Когда мы возвратились, шашечный турнир был в самом разгаре. Не успеет наступить время обеда, как наши комсомольцы без промедления принимаются за игру. Шашек нет — вместо шашек квадраты да полуквадраты идут. Весь перерыв напролет в шашки дуются. В одной руке — булка, в другой — свинцовый квадрат.
Климов аккуратно разворачивает принесенный из дому сверток, достает бутылку с молоком, изрядный ломоть черного хлеба и кусок вареного мяса. Он бережно раскладывает все это на бумаге и, то и дело поглаживая черные, начинающие седеть усы, неторопливо отщипывает толстыми пальцами и отправляет в рот куски хлеба, запивает их молоком и не спеша, между едой, разговаривает со мной — постоянным соседом по работе.
Раньше мы недолюбливали друг друга. Он маловер. Я же верю в свою работу, верю в хорошую жизнь, верю в себя. И Климов вечно надо мною смеется.
Но мы еще посмотрим, кто кого пересмеет!
Нам надоело вечно обмениваться колкими любезностями, постепенно мы начали спускать друг другу ехидные замечания, привыкли к нашим скверным характерам и теперь вместе постоянно калякаем о производстве. Здесь Климов победил меня, здесь маловер взял верх: у нас в типографии трудно во что-нибудь верить — такой неприступный беспорядок.

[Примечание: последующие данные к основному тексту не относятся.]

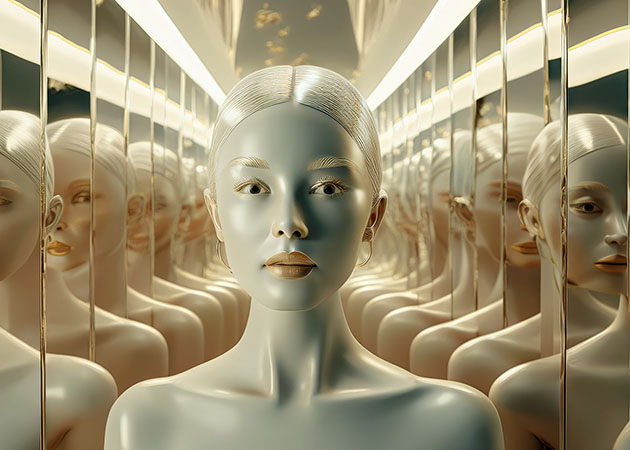 Mannequin woman reflected in many mirrors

Климов взмахнул рукой, плотно сжатым волосатым кулаком помахал в сторону двери и прокричал, ни к кому не обращаясь, старую свою угрозу:
— Эх, валяй, наваливай, разваливай — хозяина нет, начальников, сукиных детей, перевешать!
Неожиданно из двери раздался возмущенный голос:
— Несознательное трепло!
В помещение вошел секретарь партийной ячейки Кукушкин. Парень он неплохой, но бестолковый. Хотя какова типография, таков и секретарь… Или нет, это будет вернее: каков секретарь, такова и типография. «При чем тут секретарь!» — часто говорят мне соседи. Ни при чем, конечно. Но там, где секретарь жох, никто работать не плох. Кукушкина все рабочие зовут Кукушкой: прозвали по фамилии, но прозвище оказалось верным. Кукушкин вечно все начинает, затеями у него полна голова, — всюду кладет свои яйца, но никогда их не высиживает, ни одного дела не довел до конца. Я не скажу, что он плохой коммунист, но не ему быть главарем.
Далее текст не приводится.